TASK PROMPT |
Set down exactly the lines from the first line of the records through the line that contains "So that concludes", and leave every picture out.

EXTRACTED MATERIAL |
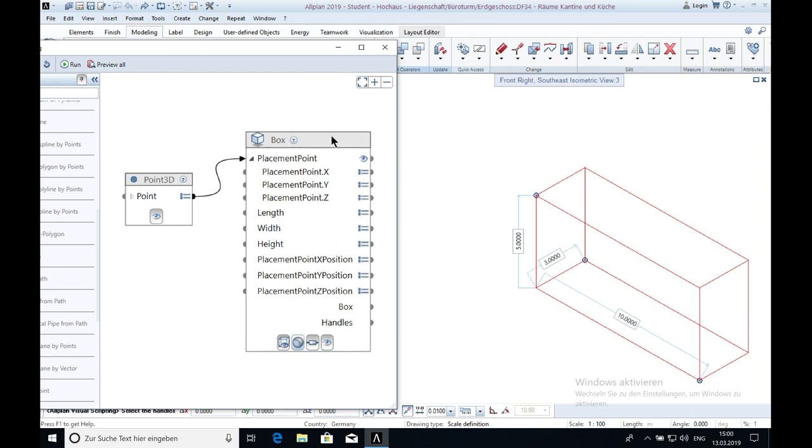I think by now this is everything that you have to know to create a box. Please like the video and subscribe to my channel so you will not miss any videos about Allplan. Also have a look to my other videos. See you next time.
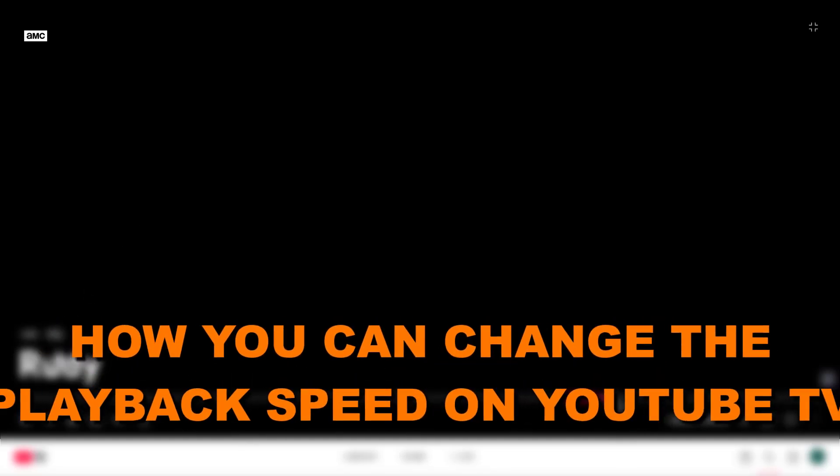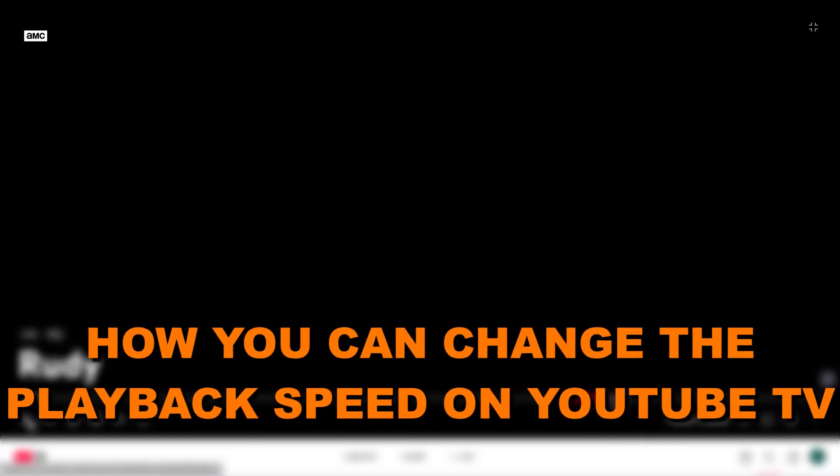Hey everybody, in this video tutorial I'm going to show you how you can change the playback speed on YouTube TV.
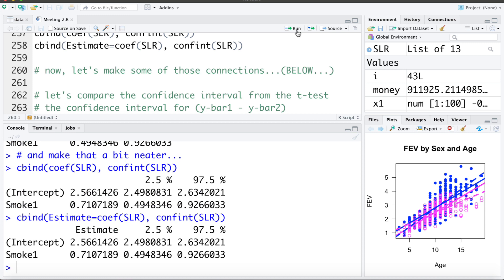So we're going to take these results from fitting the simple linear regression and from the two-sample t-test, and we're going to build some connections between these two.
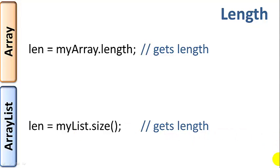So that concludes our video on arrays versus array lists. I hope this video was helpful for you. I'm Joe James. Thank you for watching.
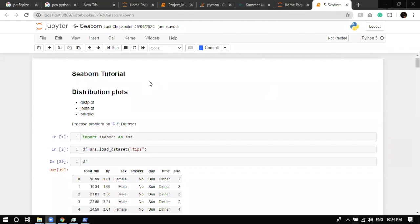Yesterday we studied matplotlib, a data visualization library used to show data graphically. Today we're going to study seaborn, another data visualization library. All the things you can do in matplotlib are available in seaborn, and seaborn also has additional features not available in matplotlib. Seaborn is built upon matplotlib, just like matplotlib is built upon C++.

SOLUTION TO THIS EXERCISE |
I think by now this is everything that you have to know to create a box. Please like the video and subscribe to my channel so you will not miss any videos about Allplan. Also have a look to my other videos. See you next time.
Hey everybody, in this video tutorial I'm going to show you how you can change the playback speed on YouTube TV.
So we're going to take these results from fitting the simple linear regression and from the two-sample t-test, and we're going to build some connections between these two.
So that concludes our video on arrays versus array lists. I hope this video was helpful for you. I'm Joe James. Thank you for watching.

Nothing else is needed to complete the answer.